Stark was arrested multiple times by the Tsarist authorities and was exiled. Initially settling in Vienna, he then traveled to Capri where he lived with Maxim Gorky who published his poetry.

In 1914 he returned to Russia and worked in the Petrograd Committee of the RSDLP (b). After the February Revolution, he edited the Bolshevik newspaper Volna in Helsingfors, which was distributed among the sailors of the Baltic Fleet and enjoyed great popularity among sailors. He showed journalistic and organizational skills, which then gave rise to the appointment of him as a commissioner of a news agency.

On the day of the October Revolution, a group of sailors commissioned by the Petrograd Military Revolutionary Committee, under the command of Stark stormed in to the building of the Petrograd Telegraph Agency and occupied it. He was later appointed deputy People's Commissar of Posts and Telegraphs of the RSFSR.

In March 1918 Stark and other leaders of the Petrograd Telegraph Agency moved to Moscow and the PTA was merged with the Press Bureau of the All-Russian Central Executive, creating the Russian Telegraph Agency (ROSTA) which Stark became the director of. In 1919 during the Civil War he was a military commissar in the Red Army.

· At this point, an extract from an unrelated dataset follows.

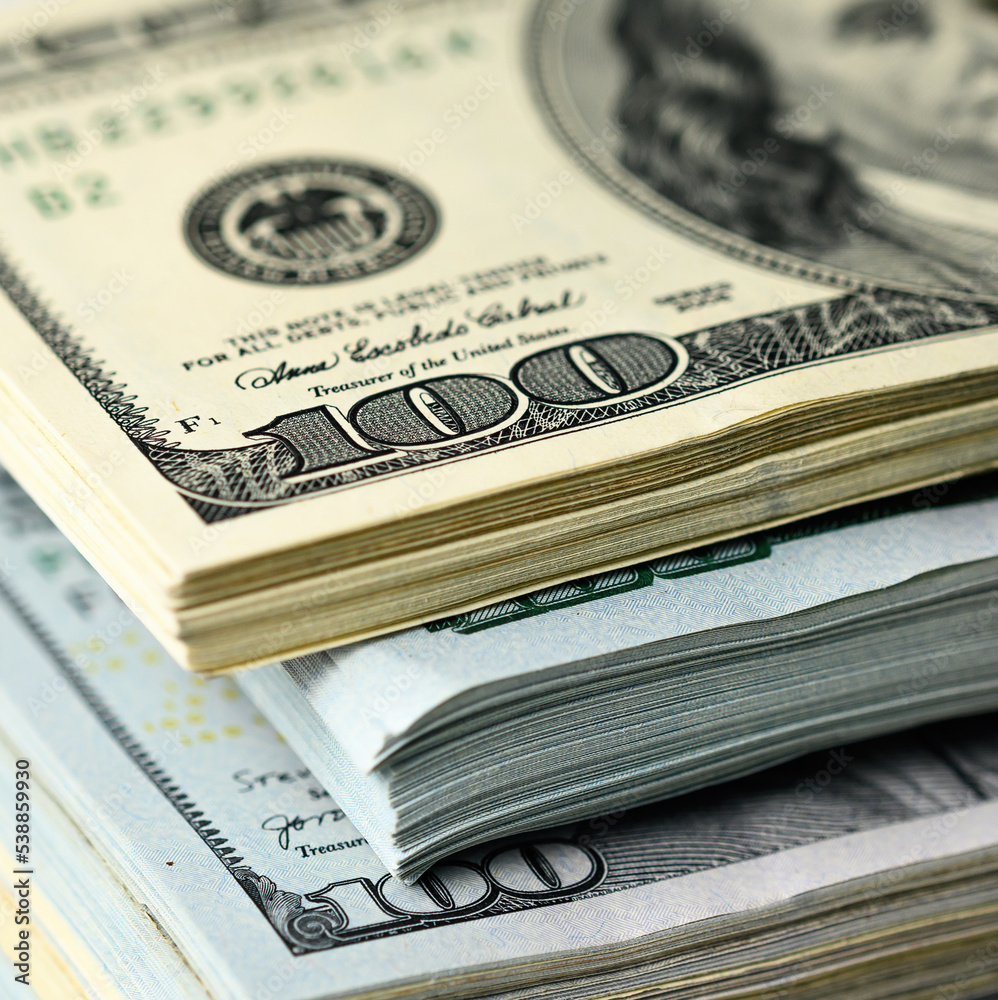 Bundles of hundred dollar bills background closeup Bundles of hundred dollar bills background closeup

From May 1920 he was authorized by the People's Commissariat of Foreign Affairs for diplomatic work. From 1921 to 1923 he was Counselor of the RSFSR/USSR Embassy in Estonia and in 1923–1924 he was Plenipotentiary Representative in Estonia. From 1924 to 1936 he served as the plenipotentiary of the USSR in Afghanistan. On August 31, 1926, he signed the Soviet-Afghan treaty on neutrality and mutual non-aggression.

In 1937, while working as an authorized person of the People's Commissariat for Foreign Affairs of the USSR under the Council of People's Commissars of the Transcaucasian SFSR, he was arrested in Tbilisi on charges of being involved in counter-revolutionary activities. Some Soviet sources claim that Stark died of pneumonia in 1942 while he was in prison captivity, however it is most likely he was shot in November 1937.

Leonid Stark was posthumously rehabilitated after the Khrushchev Thaw.